AW: Re: [BUGS] Turkish locale bug

From
Zeugswetter Andreas SB
Date:
> > Anyway, your proposal is just fine since we haven't decoupled these
> > things farther back in the server. But eventually we should hope to have
> > SQL_ASCII and other character sets enforced in context.
> 
> Now I'm confused.  Are you saying that we *should* treat identifier case
> under ASCII rules only?  That seems like a step backwards to me, but
> then I don't use any non-US locale myself...

I think we need to treat anything that is not quoted as US_ASCII,
iirc this is how Informix behaves. Users wanting locale aware identifiers
would need to double quote those, thus avoiding non ASCII case conversions
alltogether.

Andreas


Re: AW: Re: [BUGS] Turkish locale bug

From
Tom Lane
Date:
Zeugswetter Andreas SB  <ZeugswetterA@wien.spardat.at> writes:
>> Now I'm confused.  Are you saying that we *should* treat identifier case
>> under ASCII rules only?  That seems like a step backwards to me, but
>> then I don't use any non-US locale myself...

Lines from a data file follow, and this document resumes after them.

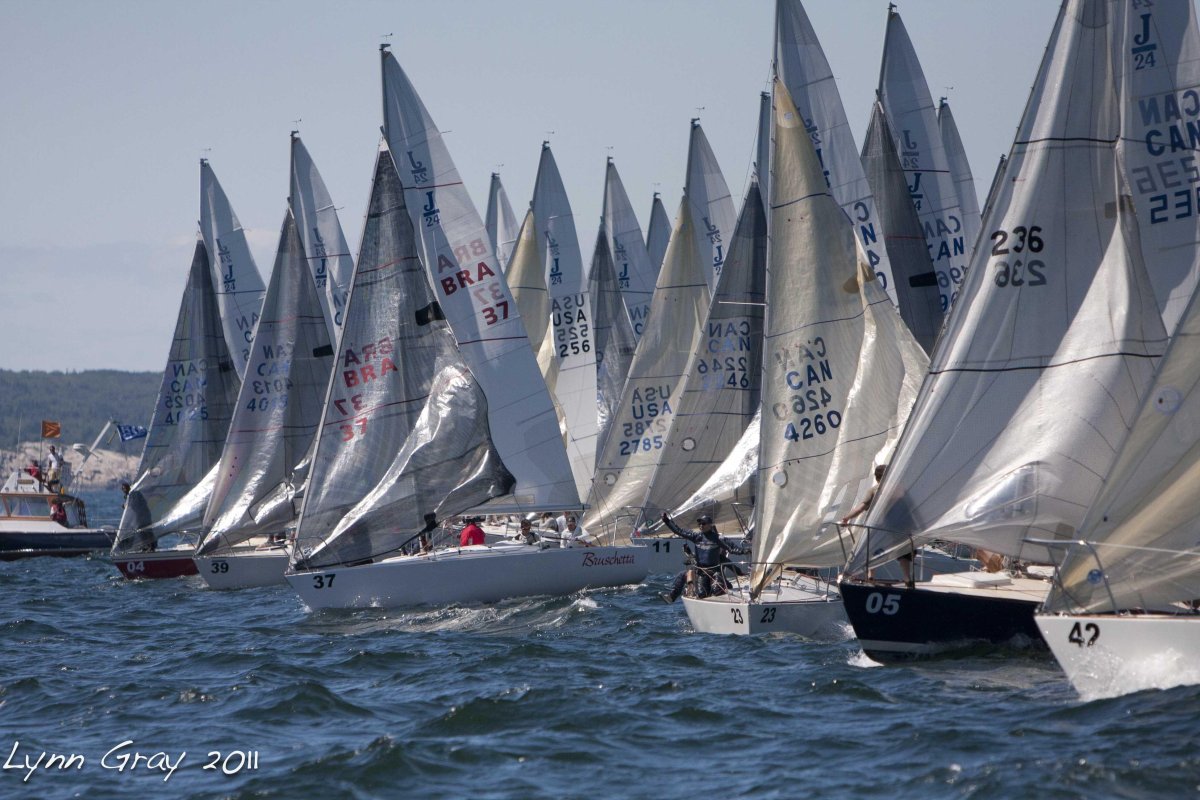 Парусная регата в шторм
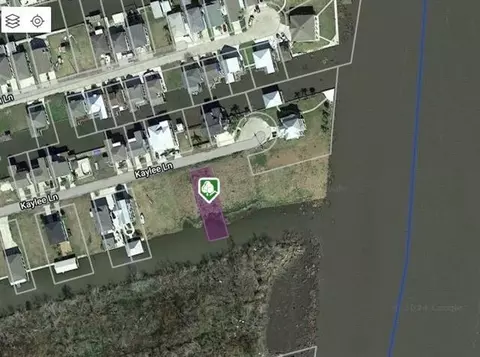 Kaylee Lane, Barataria, LA 70036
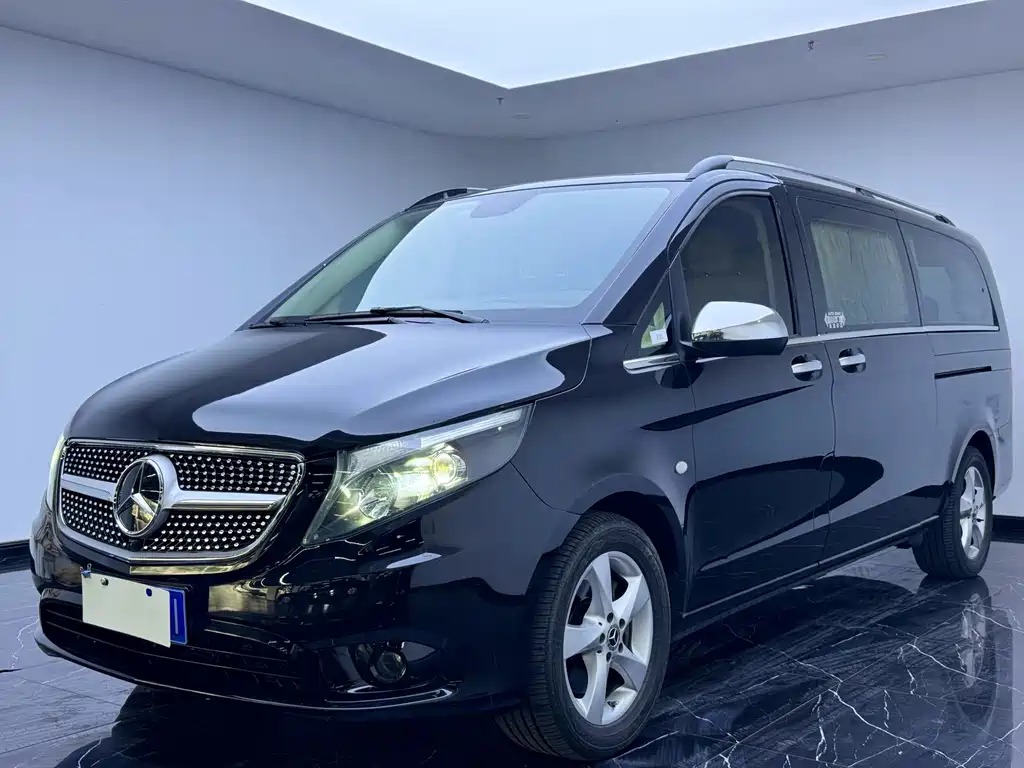 Mercedes-Benz Vito — фото 1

> I think we need to treat anything that is not quoted as US_ASCII,
> iirc this is how Informix behaves. Users wanting locale aware identifiers
> would need to double quote those, thus avoiding non ASCII case conversions
> alltogether.

I dug into the SQL99 spec, and I find it appears to have different rules
for identifier folding than for keyword recognition.  Section 5.2 syntax
rules 1-12 make it perfectly clear that they have an expansive idea of
what characters are allowed in identifiers (most of Unicode, it looks
like ;-)).  They also define the case-normalized form of an identifier
in terms of Unicode case translations (rule 21).  But they then say
       28) For the purposes of identifying <key word>s, any <simple Latin           lower case letter> contained in a
candidate<key word> shall           be effectively treated as the corresponding <simple Latin upper           case
letter>.

It appears to me that to implement the SQL99 rules correctly in a non-C
locale, we need to do casefolding twice.  First, casefold only 'A'..'Z'
and test to see if we have a keyword.  If not, do the casefolding again
using isupper/tolower to produce the normalized form of the identifier.

This would solve Sezai's problem without adding a special case for
Turkish, and it doesn't seem unreasonably slow.  Anyone object to it?
        regards, tom lane